Nun könnte man sich zurücklehnen und sagen: Auf Sachsen kommt es eh nicht an. Also legen wir die Beine hoch, fahren hin und haben ein wenig Spaß. Das ist aber natürlich nicht unser Anspruch. Unser Anspruch ist es, zu allen inhaltlichen Debatten aussagekräftig zu sein, alle Anträge bewertet zu haben und dort wo es sich anbietet, Änderungsanträge zu stellen und natürlich auch in Debatten präsent zu sein.

Daher haben wir das Antragsbuch thematisch in der Delegation aufgeteilt, durchgearbeitet und diskutiert. Ich durfte die Blöcke M (Medien- und Kulturpolitik, Digitalpolitik) sowie U (Umwelt-, Energie-, Verbraucher- und Verkehrspolitik) bearbeiten. Das waren 18 bzw. 103 Anträge. Darunter ein sehr guter und umfangreicher Leitantrag zu einem Digitalen Grundsatzprogramm – später dazu mehr. Auch andere Anträge boten spannende Einblicke in die Diskussionen der Partei. Es ging um Plastiktüten und Dosenpfand, um Schweinswale und Knorpelfische, um Glyphosat und Pelze, um Maut für Fernbusse und erneuerbare Energien. Und wenn man das Antragsbuch studiert, sieht man auch gleich, wie es auf Bundesparteitagen abgeht. Entscheidend ist in erster Linie eine mächtige Antragskommission unter der Führung von Olaf Scholz. Für Sachsen dabei ist Henning Homann. Und sie legt vorher schon mal fest, wie mit Anträgen aus der Partei umgegangen wird. Und so ergibt es sich, dass es in so gut wie jedem Block einen größeren Leitantrag des Parteivorstandes gibt, von denen viele dieses Jahr aufgrund der Aktualität erst kurz vor dem Parteitag vorlagen. In diesen wird, mehr oder weniger erfolgreich, versucht auch Positionen anderer Anträge einfließen zu lassen. Die übrigen Anträge werden dann in der Regel an die Bundestagsfraktion, andere Fraktionen oder den Parteivorstand überwiesen (Beerdigung 1. Klasse), mit Erledigungsvermerk bedacht, mit Ablehnung beschieden oder, und auch das kommt vor, zur Annahme empfohlen. Es kann durchaus sein, dass sich ein solcher Parteitag nur nach diesem Verfahren bewältigen lässt, aber ich kann mir durchaus demokratischere Verfahren der Antragsvorberatung vorstellen – z.B. wie wir es in Sachsen machen. Wie es dann in der Antragsberatung auf dem parteitag abläuft, dazu komme ich noch.

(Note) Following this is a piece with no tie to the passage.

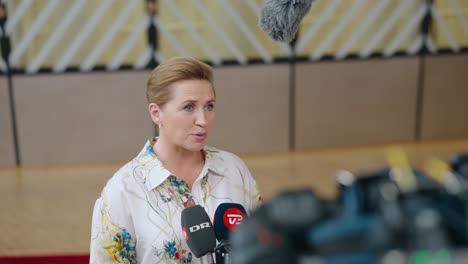 Danish-Prime-Minister-Mette-Frederiksen-talking-to-the-press-in-the-European-Council-building-during-EU-summit-in-Brussels,-Belgium---Medium-shot,-slow-motion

Wir haben also die Anträge durchgearbeitet, in großen Listen Empfehlungen für die Delegation gegeben und diese in zwei Delegiertenvorbesprechungen in den Wochen vorm Parteitag diskutiert. Uns also ordentlich auf den Parteitag vorbereitet – und zwar ohne Denkverbote oder Ansagen „von oben“. Da ist man manchmal verwundert, wenn man aus anderen Delegationen, insbesondere von größeren westdeutschen Landesverbänden, hört, dass ihre erste und einzige Vorbesprechung am Abend des Tagungstages stattfindet. Außerdem haben wir zwei Änderungsanträge vorbereitet. Einen zu Syrien, einen zur Geflüchteten-Politik und einen zu Pegida – auch dazu später mehr.12313851_10205113002053333_9109054842595951987_n

 

Berlin, Berlin, wir fahren nach Berlin – Tag 1

Gut vorbereitet fahren wir also nach Berlin. Manche von uns schon am Vorabend, da da die Parteitagsparty von Jusos, Parlamentarischer Linker und DL21 stattfand. Eine gute Gelegenheit schon mal vor Beginn der Tagungen mit einigen Genoss*innen aus anderen Landesverbänden ins Gespräch zu kommen und auch das eine oder andere Kaltgetränk zu konsumieren.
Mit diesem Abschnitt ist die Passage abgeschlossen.